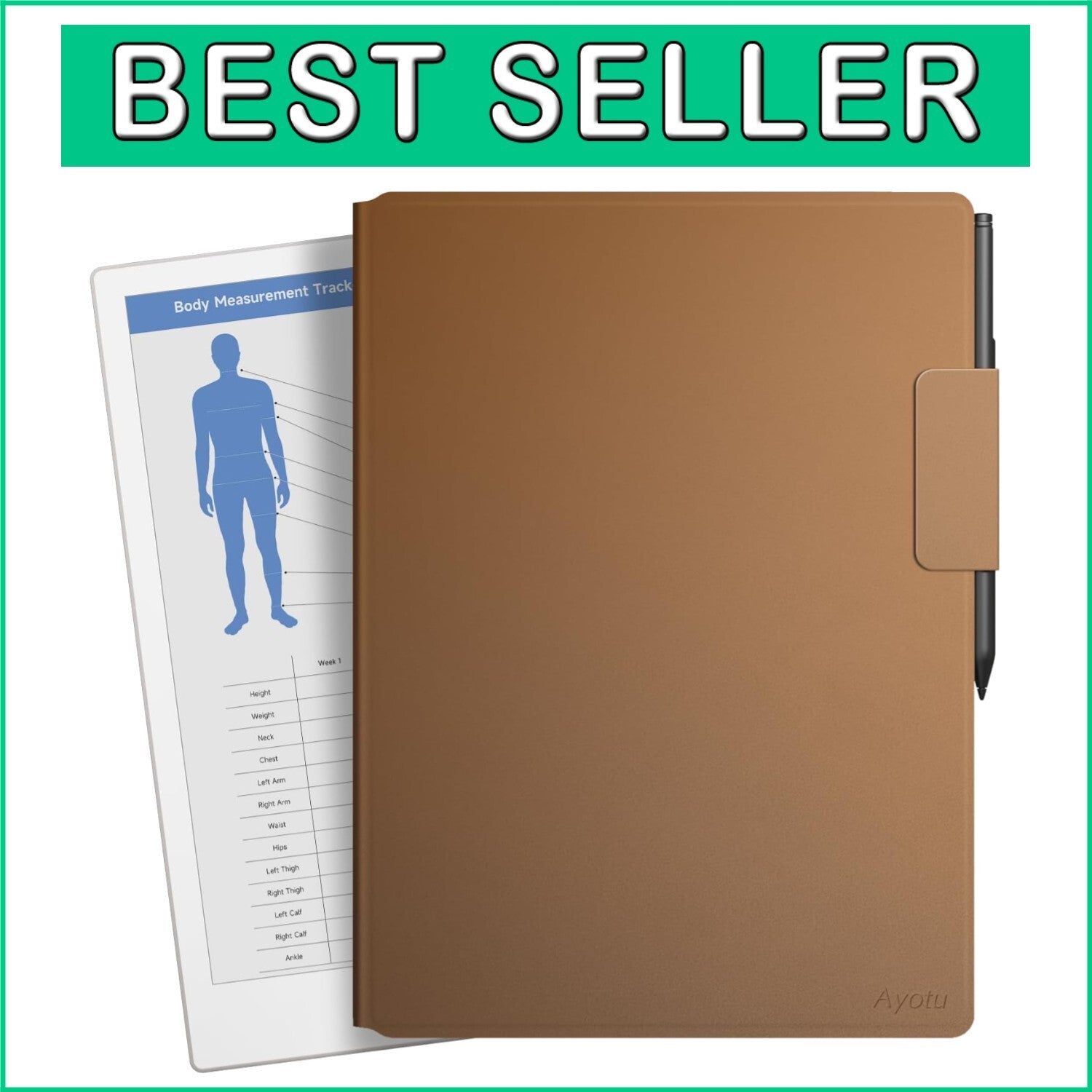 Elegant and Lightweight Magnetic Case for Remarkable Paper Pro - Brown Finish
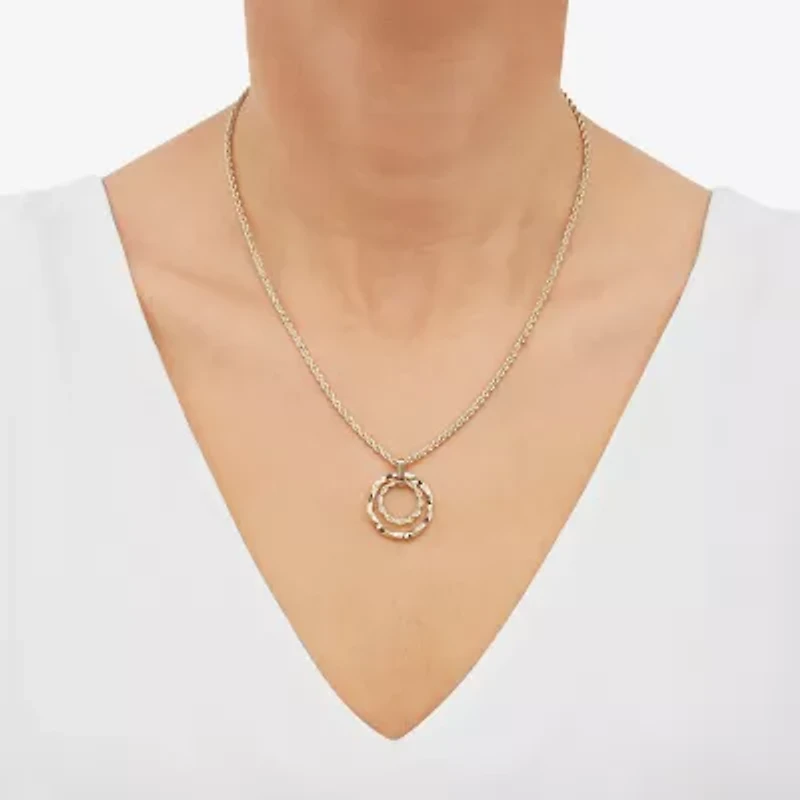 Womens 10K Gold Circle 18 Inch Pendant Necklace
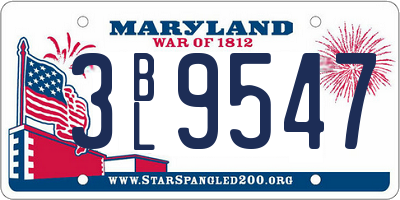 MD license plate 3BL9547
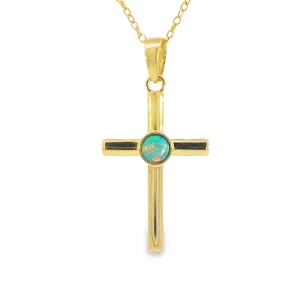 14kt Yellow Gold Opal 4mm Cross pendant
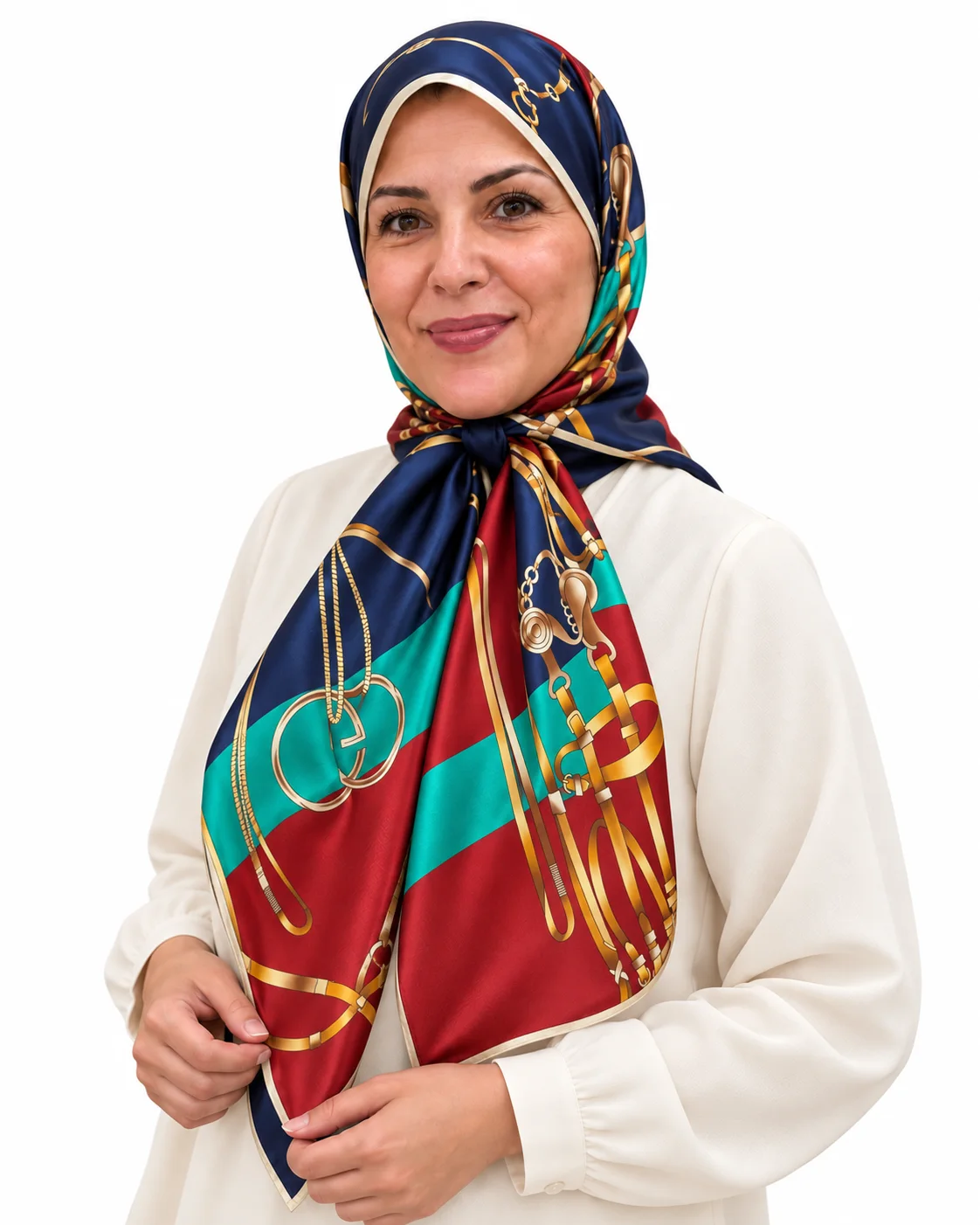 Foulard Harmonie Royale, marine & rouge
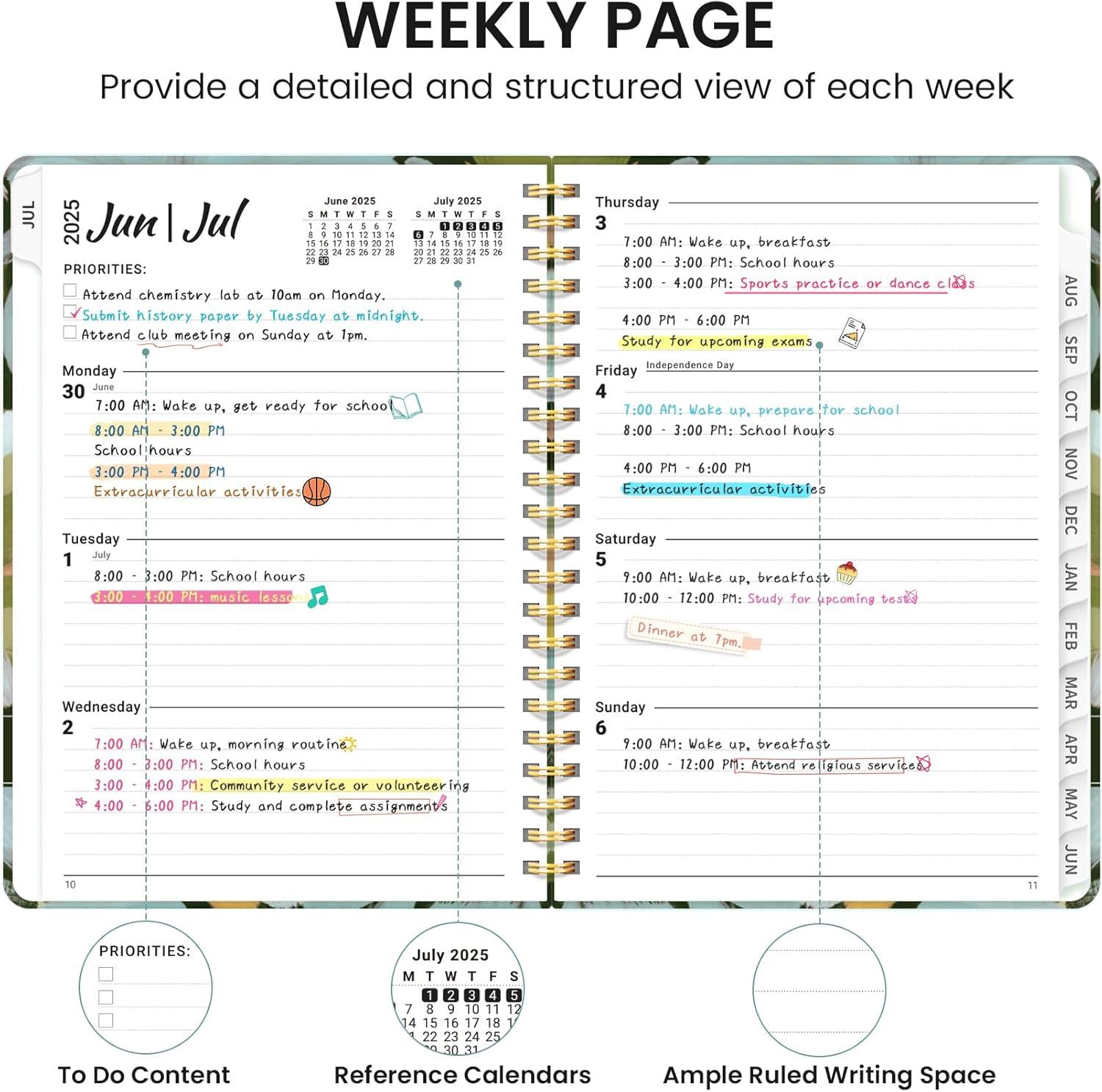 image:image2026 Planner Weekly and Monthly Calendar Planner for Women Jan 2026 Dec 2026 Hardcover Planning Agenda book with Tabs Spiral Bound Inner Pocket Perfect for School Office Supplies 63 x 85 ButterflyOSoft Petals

==

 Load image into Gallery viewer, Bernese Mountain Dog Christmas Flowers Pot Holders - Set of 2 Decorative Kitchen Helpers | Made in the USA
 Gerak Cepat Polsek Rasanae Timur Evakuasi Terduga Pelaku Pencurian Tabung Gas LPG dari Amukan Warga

**Your assignment**
In the listing above, start at the line with "Load image into", go on through the line with "Gerak Cepat Polsek", and copy each of those lines exactly; leave out all the rest.

**Reply to the task**
 Load image into Gallery viewer, Bernese Mountain Dog Christmas Flowers Pot Holders - Set of 2 Decorative Kitchen Helpers | Made in the USA
 Gerak Cepat Polsek Rasanae Timur Evakuasi Terduga Pelaku Pencurian Tabung Gas LPG dari Amukan Warga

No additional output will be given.